Dazed and YKK join forces to celebrate the spirit of fashion craftsmanship for the 2013 edition of the International Talent Support’s ITS ACCESSORIES competition. The contest is sponsored by the Japanese fastening manufacturer giant, which selects a small group of upcoming designers to reinterpret their products through innovative creative solutions. Aside from a prize of €10,000 for the winner, all finalists will be able to glean advice through their process with exceptional womenswear/accessories designer and YKK ambassador Kei Kagami, who also teaches hands-on workshops for the company at prestigious fashion schools around the world. In a prelude to our series of upcoming studio visits to ITS finalists of the past and present, Dazed stopped by his North London studio to learn about Kagami’s work methods and commitment to artisanal design.

THE KAGAMI WORKSPACE

No doubt about it, Kei Kagami lives and breathes the creative process. His workspace is filled with all aspects of it: multiple clothing rails full of archive pieces, rows upon rows of fascinating footwear constructions, mannequins hung with brand label tags, stacks and stacks of fabrics, sewing machines, mechanical tools, even a picture of him riding a motorcycle from his Selfridges Bright Young Things window installation. “Francis Bacon’s studio really encouraged me. Basically it’s a mess but I thought it was brilliant,” he laughs. But perhaps the abundance of materials and creations only helps envelope the designer all the more in his creative world. Classical instrumental music plays in the background, adding a sense of zen-like concentration to the sensory overload of it all.

TRAINED IN TOKYO

Hailing from Tokyo, Kagami’s original career path saw him pursue a bachelor’s degree in architecture, something he soon supplemented with a simultaneous tailoring diploma course at Bunka Fashion College. “At that time I didn’t really put a boundary between fashion or architecture.
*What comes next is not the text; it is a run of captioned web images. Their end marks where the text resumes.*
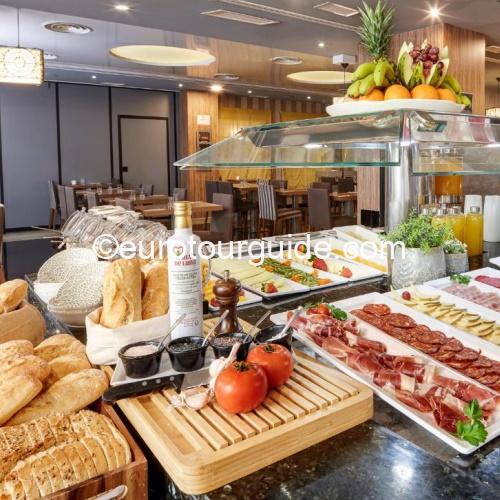 EuroTourGuide Coach Tours Granada Hotel Luna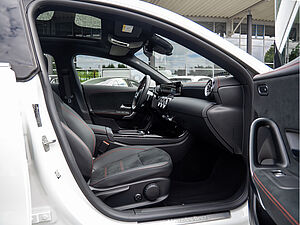 Mercedes-Benz CLA 250 SB 4M AMG Sport Premium 2 navigation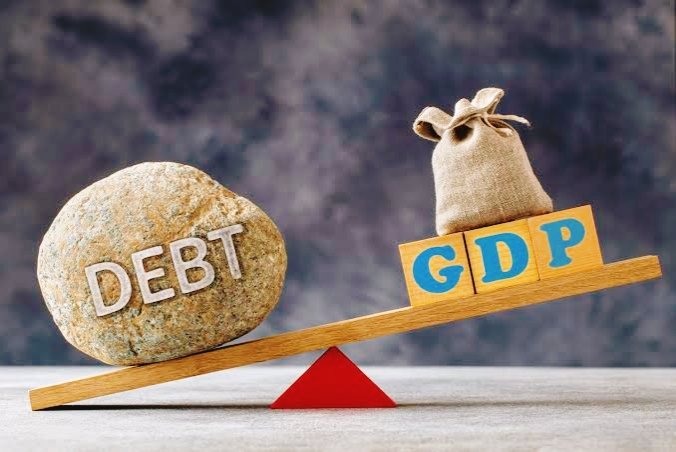 Countries with the Highest Government Debt (% of GDP)

1) 🇸🇩 Sudan → 272%
2) 🇯🇵 Japan → 237%
3) 🇸🇬 Singapore → 173%
4) 🇻🇪 Venezuela → 164%
5) 🇪🇷 Eritrea → 164%
6) 🇱🇧 Lebanon → 164%
7) 🇬🇷 Greece → 154%
8) 🇮🇹 Italy → 137%
9) 🇧🇭 Bahrain → 134%
10) 🇺🇸 United States → 124%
For me it was one and the same thing: starting from something flat and two-dimensional and making it three-dimensional,” he explains. However, fashion soon won him over. “I just wanted to create something for myself and express what I wanted. With clothing, I can design, draw patterns, stitch and wear it. I thought that is fantastic. I can express myself in each process and manage everything by myself up until the very end,” Kagami says.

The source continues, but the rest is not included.